**What you have to do:** Produce an exact copy of all the data below, dropping every image.

**The data:**
==============================

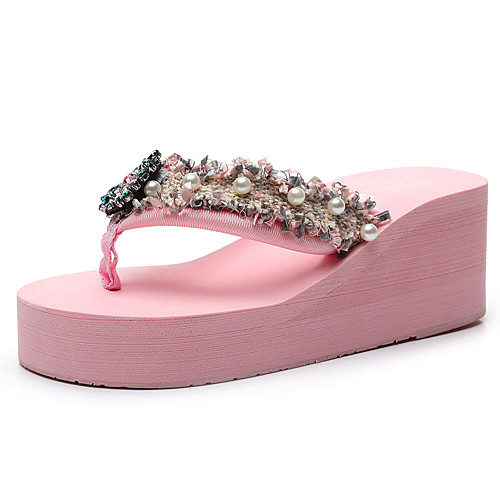 

Women's Slippers & Flip-Flops Wedge Heel Open Toe Rhinestone / Imitation Pearl Polyester Sweet / Chinoiserie Walking Shoes Summer Black / Wine / White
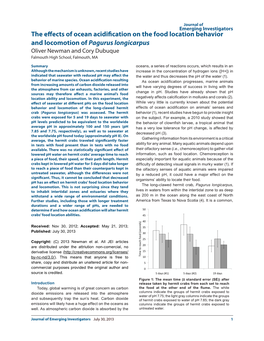 The Effects of Ocean Acidification on the Food Location Behavior And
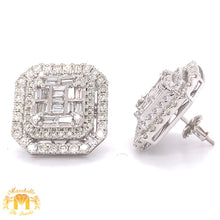 Load image into Gallery viewer, 14k Gold Square Earrings with extra large Baguette and Round Diamond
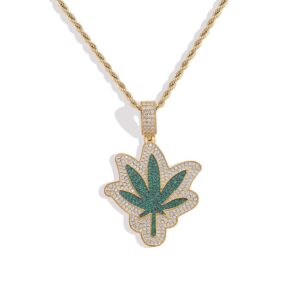 Hip hop pendant copper inlaid zircon Maple Leaf Chinese Restaurant shape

==============================

**Task solution:**
Women's Slippers & Flip-Flops Wedge Heel Open Toe Rhinestone / Imitation Pearl Polyester Sweet / Chinoiserie Walking Shoes Summer Black / Wine / White
 The Effects of Ocean Acidification on the Food Location Behavior And
 Load image into Gallery viewer, 14k Gold Square Earrings with extra large Baguette and Round Diamond
 Hip hop pendant copper inlaid zircon Maple Leaf Chinese Restaurant shape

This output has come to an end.